# Worksheet 1 - Basic Read Queries

### Exercise 1: Find the first name of Dave's friends

Using the data model above, write a query that will:

* Find a `person` node(s) with a `first_name` of "Dave"
* Find the friends of Dave (i.e. traverse the `friends` edge)
* Return the friends `first_name`

The correct answer is four results: "Jim", "Josh", "Hank", "Kelly"

In [None]:
%%gremlin

g.V().hasLabel('person')
.has('first_name','Dave')
.out('friends')
.values('first_name')

### Exercise 2: Find the first name of the friends of Dave's friends

Using the data model above, write a query that will:

* Find a `person` node(s) with a `first_name` of "Dave"
* Find the friends of Dave (i.e. traverse the `friends` edge)
* Find the friends of that person (i.e. traverse the `friends` edge)
* Return the friends `first_name`

The correct answer contains three results: "Hank", "Denise", "Paras"

In [None]:
%%gremlin

g.V().hasLabel('person')
.has('first_name','Dave')
.out('friends')
.out('friends')
.dedup()
.values('first_name')

### Exercise 3: Find out how the friends of Dave's friends are connected

Using the data model above, write a query that will:

* Find a `person` node(s) with a `first_name` of "Dave"
* Find the friends of Dave (i.e. traverse the `friends` edge)
* Find the friends of that person (i.e. traverse the `friends` edge)
* Return the path

The correct answer contains three results:

- `Dave` -> `Josh` -> `Hank`
- `Dave` -> `Kelly` -> `Denise`
- `Dave` -> `Jim` -> `Paras`

In [None]:
%%gremlin

g.V().hasLabel('person')
.has('first_name','Dave')
.out('friends')
.out('friends')
.dedup()
.path()
.by(elementMap())

### Exercise 4: Which friends should we recommend for Dave?

A common use case for graphs in social networks is to recommend new connections. There is a significant amount of research in this area (example [here](https://www.science.org/doi/10.1126/sciadv.aax7310#:~:text=The%20triadic%20closure%20mechanism%20uses,features%20of%20empirical%20social%20networks)) but mainly there are two prevailing mechanisms at work in social networks that we can leverage to help provide efficient recommendations to a user.  The first of these mechanisms is called homophily, which is the tendency of similar people to be connected.  Homophily is a driving factor in many social networks, with an important outcome being that people connected to you, or connected to people that are connected to you, tend to be similar to you.  This leads to the second mechanism in a graph, the concept of a triadic closure.  Triadic closure is a way to create or recommend new connections based on common friends or acquaintances.  

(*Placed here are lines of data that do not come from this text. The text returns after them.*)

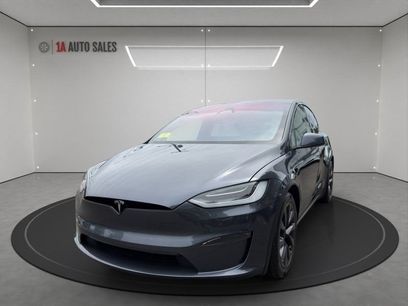 Used 2023 Tesla Model X
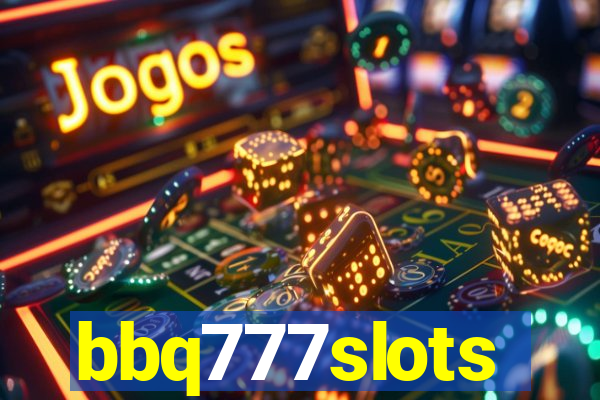 bbq777slots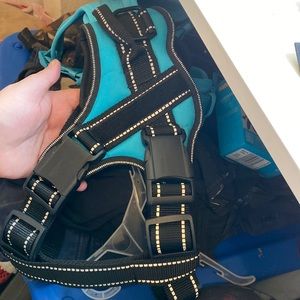 🌞 Brand new service/ emotional support vest for dogs size medium 🌞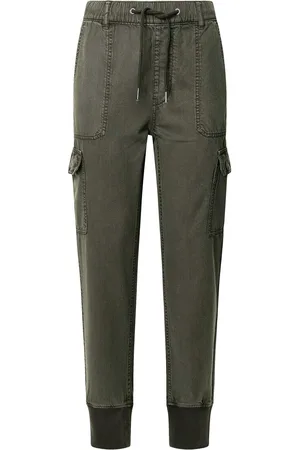 Pepe Jeans Pantaloni cargo 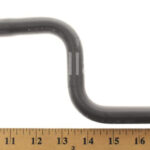 Breather Tube Honda 17366-HM8-680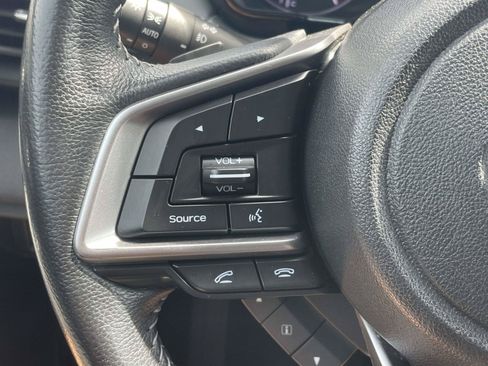Used 2021 Subaru Outback Premium AWD/4WD image 22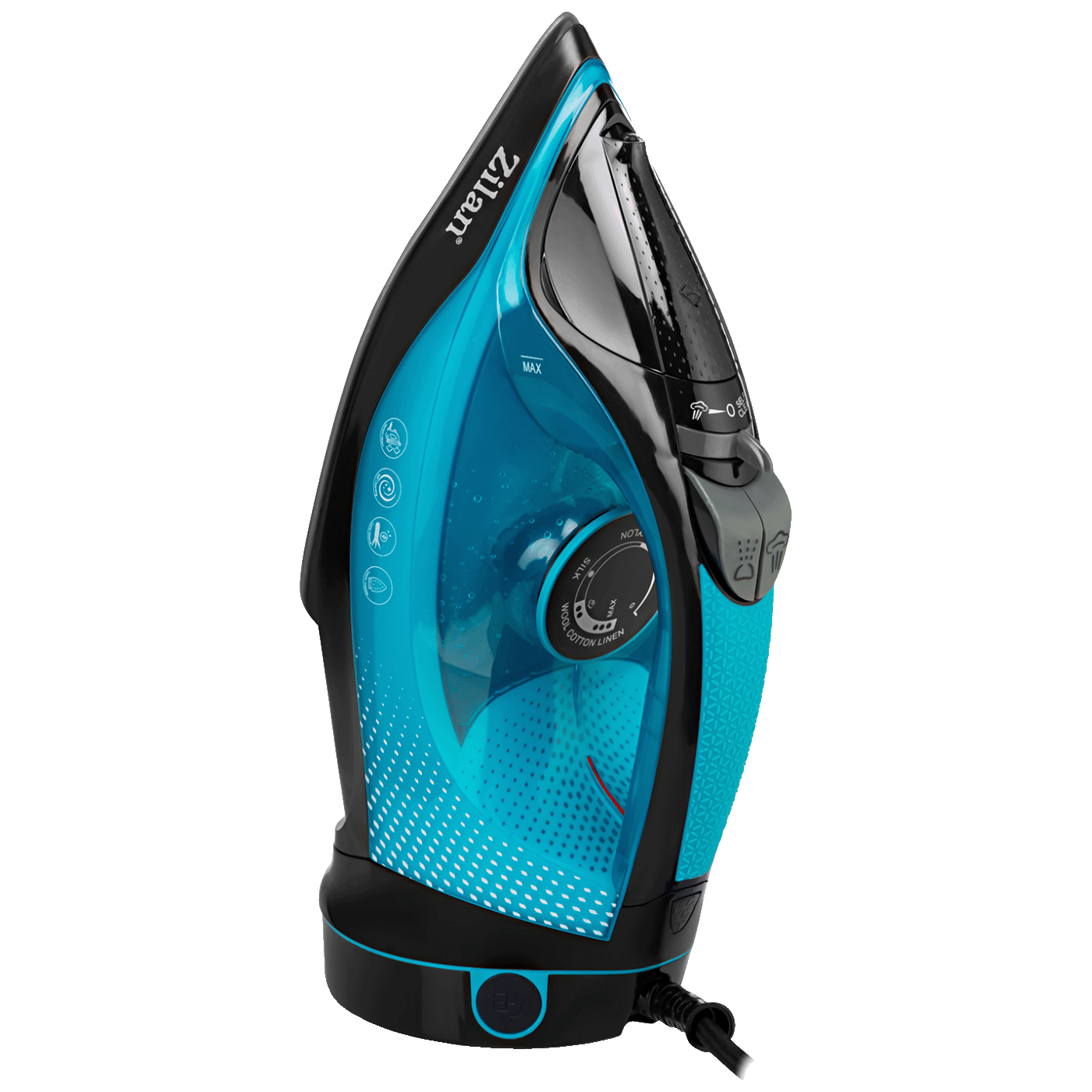 Zilan Glačalo na paru, 2200W - ZLN0989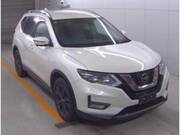 2021 NISSAN X-TRAIL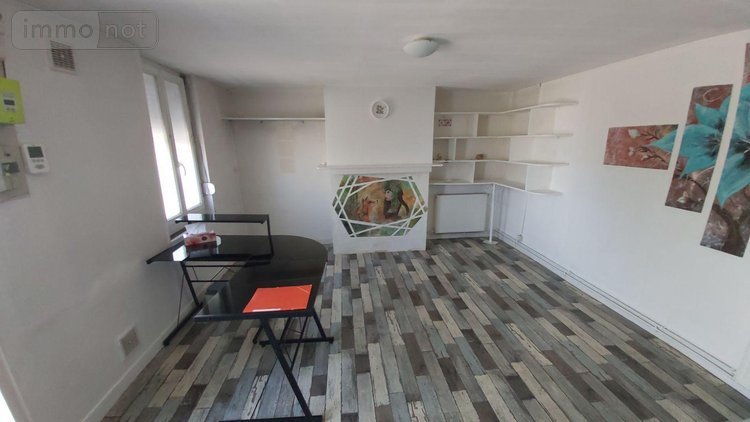 Maison a vendre Solre-le-Château 59740 Nord 77 m2 4 pièces 84500 euros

In this exercise, we are going to leverage triadic closure to recommend friends for Dave.  To accomplish this, we will need to leverage the previously written queries but extend them to:

* Find all the friends of friends that do not have a connection to Dave

The correct answer contains three results: "Hank", "Denise", "Paras"

In [None]:
%%gremlin

g.V().hasLabel('person')
.has('first_name','Dave').as('dave')
.out('friends')
.out('friends')
.where(neq('dave'))
.dedup()
.values('first_name')

# Worksheet 2 - Loops and Repeat Queries

### Exercise 1: Find the friends of Dave's Friends using a loop.

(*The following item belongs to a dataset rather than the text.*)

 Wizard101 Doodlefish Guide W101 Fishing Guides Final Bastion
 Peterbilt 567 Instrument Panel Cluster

Using the data model above, write a query that will:

* Find a `person` node(s) with a `first_name` of "Dave"
* Find the friends of Dave (i.e. traverse the `friends` edge)
* Find the friends of that person (i.e. traverse the `friends` edge)
* Return the friends `first_name`

The correct answer is a three results: "Hank", "Denise", "Paras"

In [None]:
%%gremlin

g.V().hasLabel('person')
.has('first_name','Dave')
.repeat(
    out('friends')
    .simplePath()
)
.times(2)
.dedup()
.values('first_name')

### Exercise 2: Find all `person` nodes connected to Dave.

Starting at a single node and trying to find all connected children (a.k.a. root to leaf) or trying to find the parent of any child node (a.k.a leaf to root) are two very common hierarchical graph query patterns.  Commonly, these queries supported bill of materials, information organization, or compliance use cases.

In this exercise, we will be applying that same query pattern to find the hierarchy of people within our social network.  We'll accomplish this by writing a "root to leaf" type query where the root node is our `Dave` node in the social network.

Using the data model above, write a query that will:

* Find a `person` node(s) with a `first_name` of "Dave"
* Keep traversing the outgoing `friends` edge until there are no more outgoing `friends` edges
* Return all the paths

The correct answer has 5 results

In [None]:
%%gremlin

g.V().hasLabel('person')
.has('first_name','Dave')
.repeat(
    out('friends')
)
.until(not(out('friends')))
.path()

### Exercise 3: Find all the ways Dave and Denise are connected.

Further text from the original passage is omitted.